Guest blog by Celebrity Nutrionist and Beauty Expert, Kimberly Snyder
1. Celery. The organic potassium in celery is an important electrolyte that helps facilitate cellular cleansing. An easy and inexpensive way to maintain ongoing detoxification and our ideal fluid levels! Snack on celery sticks, add to salads, or put into my Green Smoothie. My simple recipe is available online at www.kimberlysnyder.net.
2. Figs. An excellent blood purifier. Since blood transports nutrients to cells throughout the body and face, the cleaner the blood the more beautiful the skin. The tiny seeds in figs are not only packed with nutrients, they help draw out and dissolve waste, mucus, and toxins from the intestinal tract. Raw and dried figs both give these great benefits.
3. Açai. Greatly popularized in 2009, Acai’s importance continues into this new year. Açai is loaded with beneficial nutrients and antioxidants, including Omega 3 fatty acids, amino acids, minerals, key vitamins and fiber. The Omega 3 fatty acids found in Açai maintain the structure and fluidity of cell membranes, facilitating the inflow of nutrients and the outflow of waste products, promoting youthful, smooth and radiant skin by keeping skin cells hydrated and strong. Acai can be purchased frozen in health stores and made into smoothies.

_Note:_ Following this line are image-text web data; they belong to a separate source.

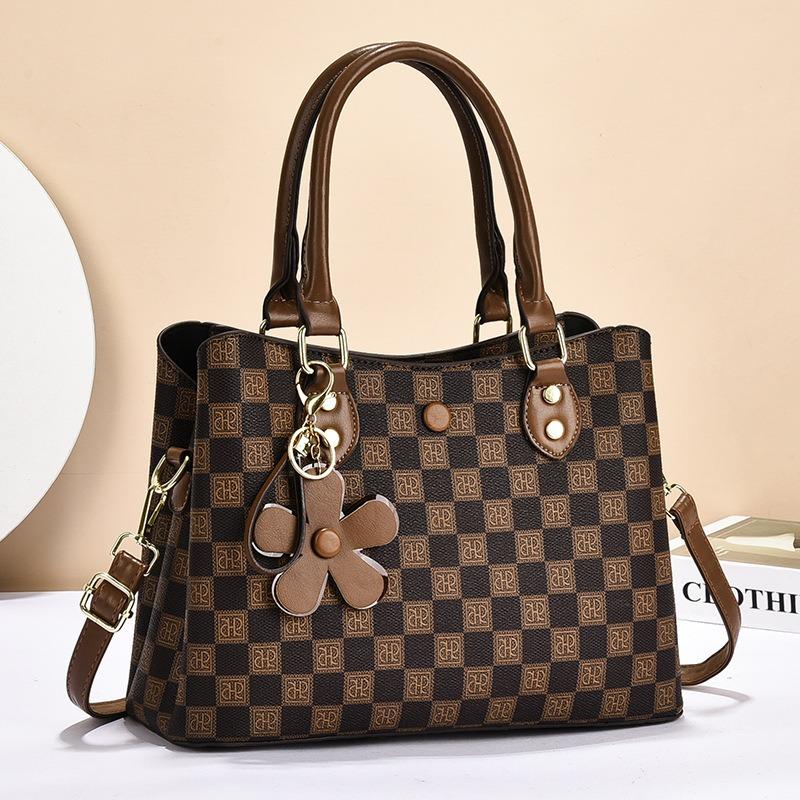 Umhängetasche Damen neue Frühjahrs- und Herbstkollektion große Kapazität modisch vielseitig Damen Mutter Handtasche Temperament Umhängetasche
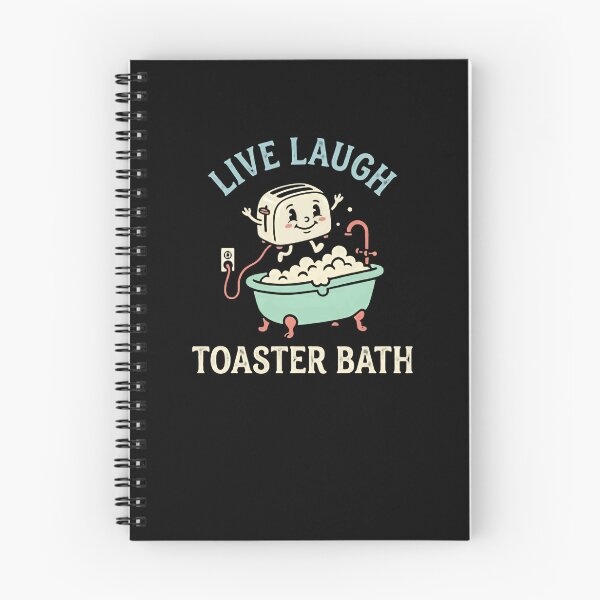 Item preview, Live Laugh Toaster Bath Dark Humor Meme Sarcastic Parody designed and sold by RetroMini2026.
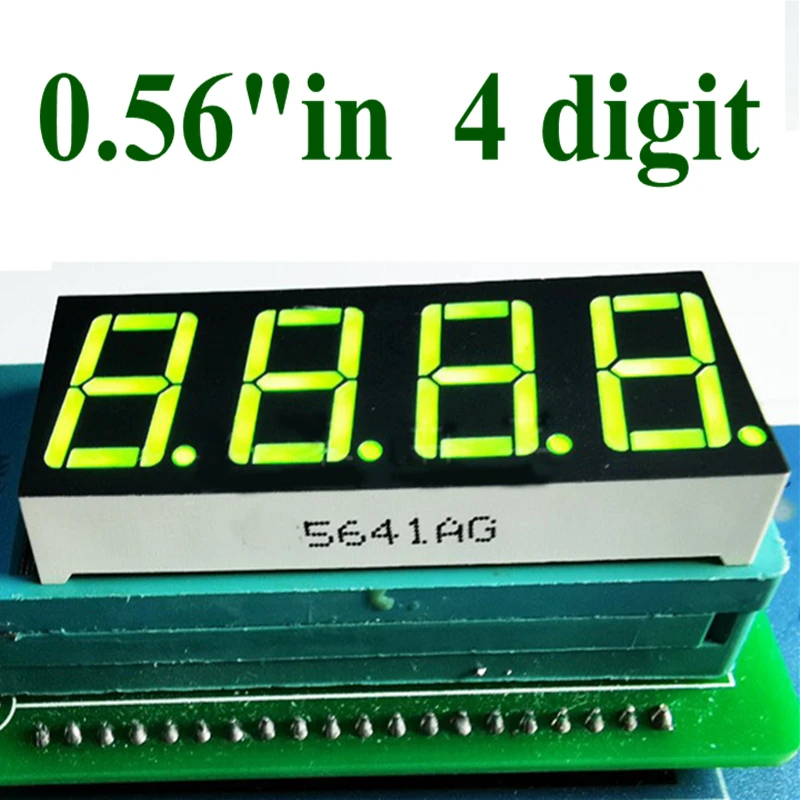 

20PCS 0.56inch 4bit Common anode Digital Tube green LED Digit Display 7 Segment 0.5inch 0.5 0.56 inch 0.56'' 0.56in. 4 Four bit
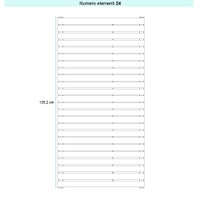Immagine di Irsap PIANO ORIZZONTALE Radiatore 24 elementi L.52 P.3,8 H.135,2 cm, colore bianco standard finitura lucido Cod.01 PI105202401IR01H01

4. Almond Milk. A great alternative to dairy and soy milk, which are both difficult to digest and mucus-forming. Simply switching to this product for milk uses is an easy and great way to clear up skin and help make it more radiant, keep our sinuses clear, and increase energy.
5. Onions. This everyday food has a considerable amount of sulfur, which helps cleanse the skin and liver and rebuild connective tissues like collagen. Onions are also an exceptional source of usable quercetin, which works to eliminate free radicals. Onions help lower blood pressure.
6. Sunflower seeds. These seeds contain all 8 essential amino acids, which our body’s need to obtain from food sources, and uses to manufacture the other 15 amino acids and build protein chains in our bodies. We can and should derive our protein needs from plant sources at least for a percentage of our diet, not just animal sources. Plant protein sources are easier for our bodies to assimilate, and do not make our bodies acidic, the way digesting animal protein sources do.